There’s no magic recipe; we just try, and enjoy, doing our best to deliver the service we like to receive; our orders are typically shipped within a business day or two after receiving them – because we remember how excited we were when we placed our first scythe orders – and we love hearing back from our customers and are always happy to give some pointers if required.
Of course, critical readers will have noted that we’ve only been given a ‘shining jewel’ endorsement in respect to keeping self-interest at arm’s length from our service; there are certainly vendors out there with more, and wider, experience than ours, but based on the feedback we’re getting from new and seasoned mowers alike, the products and service are holding their own.
I’d also like to take the opportunity to recognise Peter’s input and “clear the air” of recent innuendo I’ve witnessed in the online community. In the kinds of niche communities that develop around otherwise arcane topics like scything, personality clashes seem to be inevitable, and there have been some suggestions that Peter’s input into the community is commercially motivated on behalf of his extended family. Beside the apparent incongruity of such claims in respect to a man whose family lives off the grid and strives to be self-sufficient to the extent of home-growing beeswax and tallow for their candlelight, and some of whose extended family made a trip to Nepal to introduce families there to scythes, as a more efficient, fossil-fuel-free form of harvesting which they could adopt entirely self-sufficiently thanks to training from the Vidos (rather than offering to sell them the tools direct or on commission), I can also attest to some personal experience of Peter’s almost self-sacrificial disregard for monetary matters.
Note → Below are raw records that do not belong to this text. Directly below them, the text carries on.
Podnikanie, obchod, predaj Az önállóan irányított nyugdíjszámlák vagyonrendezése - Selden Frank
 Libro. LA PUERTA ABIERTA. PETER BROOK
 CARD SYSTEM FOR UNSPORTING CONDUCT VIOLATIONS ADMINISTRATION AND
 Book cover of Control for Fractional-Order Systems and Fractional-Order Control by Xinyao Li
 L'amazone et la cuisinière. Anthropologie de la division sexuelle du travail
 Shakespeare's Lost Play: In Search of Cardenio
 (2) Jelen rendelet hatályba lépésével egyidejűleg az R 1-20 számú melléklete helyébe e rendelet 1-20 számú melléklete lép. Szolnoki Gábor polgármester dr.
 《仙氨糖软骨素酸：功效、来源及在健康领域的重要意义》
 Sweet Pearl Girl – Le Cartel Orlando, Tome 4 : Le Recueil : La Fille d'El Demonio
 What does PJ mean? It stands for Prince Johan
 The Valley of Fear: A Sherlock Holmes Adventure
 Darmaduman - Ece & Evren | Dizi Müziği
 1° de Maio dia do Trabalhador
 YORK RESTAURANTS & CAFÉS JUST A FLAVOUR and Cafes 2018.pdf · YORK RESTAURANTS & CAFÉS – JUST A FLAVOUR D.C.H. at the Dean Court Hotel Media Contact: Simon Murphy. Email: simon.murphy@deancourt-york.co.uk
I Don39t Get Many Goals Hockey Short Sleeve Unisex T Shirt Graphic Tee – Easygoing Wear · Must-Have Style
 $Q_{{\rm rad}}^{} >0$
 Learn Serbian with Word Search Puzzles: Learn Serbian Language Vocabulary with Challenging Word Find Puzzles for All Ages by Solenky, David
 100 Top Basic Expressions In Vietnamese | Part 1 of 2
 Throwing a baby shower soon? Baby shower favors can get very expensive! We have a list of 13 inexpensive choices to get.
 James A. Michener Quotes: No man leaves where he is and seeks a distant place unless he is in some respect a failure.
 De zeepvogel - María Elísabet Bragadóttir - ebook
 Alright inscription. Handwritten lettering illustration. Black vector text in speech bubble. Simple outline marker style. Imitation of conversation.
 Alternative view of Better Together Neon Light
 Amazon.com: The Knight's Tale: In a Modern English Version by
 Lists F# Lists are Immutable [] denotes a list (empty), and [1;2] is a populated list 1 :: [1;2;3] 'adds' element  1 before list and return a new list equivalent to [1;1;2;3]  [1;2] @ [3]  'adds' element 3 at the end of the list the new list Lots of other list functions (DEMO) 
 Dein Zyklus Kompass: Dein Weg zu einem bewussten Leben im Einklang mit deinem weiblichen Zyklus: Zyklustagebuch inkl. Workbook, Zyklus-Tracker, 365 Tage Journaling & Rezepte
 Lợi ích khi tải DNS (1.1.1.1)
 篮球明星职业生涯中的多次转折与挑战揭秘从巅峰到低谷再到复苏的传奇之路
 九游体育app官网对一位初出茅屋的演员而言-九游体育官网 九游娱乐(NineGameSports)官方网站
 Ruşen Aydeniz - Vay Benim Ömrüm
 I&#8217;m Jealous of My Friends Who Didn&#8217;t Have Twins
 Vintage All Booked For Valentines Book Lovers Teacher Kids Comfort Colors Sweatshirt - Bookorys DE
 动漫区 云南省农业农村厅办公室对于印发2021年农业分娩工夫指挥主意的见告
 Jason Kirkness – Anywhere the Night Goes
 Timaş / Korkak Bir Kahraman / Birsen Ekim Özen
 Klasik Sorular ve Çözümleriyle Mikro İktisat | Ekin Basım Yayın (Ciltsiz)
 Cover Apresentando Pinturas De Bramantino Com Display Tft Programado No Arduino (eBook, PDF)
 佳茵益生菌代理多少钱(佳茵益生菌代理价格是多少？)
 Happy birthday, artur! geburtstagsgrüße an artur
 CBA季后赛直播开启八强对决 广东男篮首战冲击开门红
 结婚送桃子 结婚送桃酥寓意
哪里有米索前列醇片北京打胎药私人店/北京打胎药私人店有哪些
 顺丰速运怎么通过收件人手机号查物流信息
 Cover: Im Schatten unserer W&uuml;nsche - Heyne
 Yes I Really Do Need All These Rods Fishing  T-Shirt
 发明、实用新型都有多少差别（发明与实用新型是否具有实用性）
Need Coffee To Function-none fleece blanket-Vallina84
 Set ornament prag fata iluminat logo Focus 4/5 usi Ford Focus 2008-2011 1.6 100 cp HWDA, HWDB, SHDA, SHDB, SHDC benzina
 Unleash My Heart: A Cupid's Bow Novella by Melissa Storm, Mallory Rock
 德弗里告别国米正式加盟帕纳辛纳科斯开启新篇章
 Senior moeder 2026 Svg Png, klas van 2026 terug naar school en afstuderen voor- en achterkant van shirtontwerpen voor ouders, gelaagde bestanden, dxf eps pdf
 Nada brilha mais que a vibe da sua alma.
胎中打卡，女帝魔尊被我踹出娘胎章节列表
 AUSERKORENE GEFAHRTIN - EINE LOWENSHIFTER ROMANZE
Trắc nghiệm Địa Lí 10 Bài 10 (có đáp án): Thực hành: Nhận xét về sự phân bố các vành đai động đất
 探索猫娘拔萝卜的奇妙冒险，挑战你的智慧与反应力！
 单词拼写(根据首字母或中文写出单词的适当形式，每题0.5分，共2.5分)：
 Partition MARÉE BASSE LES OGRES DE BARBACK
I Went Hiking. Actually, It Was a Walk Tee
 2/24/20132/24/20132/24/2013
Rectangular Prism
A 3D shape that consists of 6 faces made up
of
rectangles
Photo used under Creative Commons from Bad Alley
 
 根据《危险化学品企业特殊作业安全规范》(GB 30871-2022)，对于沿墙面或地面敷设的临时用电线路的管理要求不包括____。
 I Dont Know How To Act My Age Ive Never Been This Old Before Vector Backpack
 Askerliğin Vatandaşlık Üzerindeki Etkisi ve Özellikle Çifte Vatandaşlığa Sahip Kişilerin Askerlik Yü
When our first shipment of attachment rings arrived from Europe, I was dismayed to find that they didn’t fit our snaths. They were useless for our immediate purposes, due to a mix-up at the manufacturer’s end – we’d been sent the wrong size. So we purchased ten of them from another Australian retailer just to get us to the position where we could sell some complete rigs. When Peter heard about it, he engaged with the (non-English-speaking) manufacturer on our behalf, and sorted out a mutally-satisfactory resolution. Soon after, a package arrived from Canada: in addition to liaising with the manufacturer, Peter had, at his own expense, air-freighted dozens of his own attachment rings to us, free of charge.
And no, he doesn’t earn any commission from our activities.
So, from a couple of forlorn old ladies to another, thank you, Peter.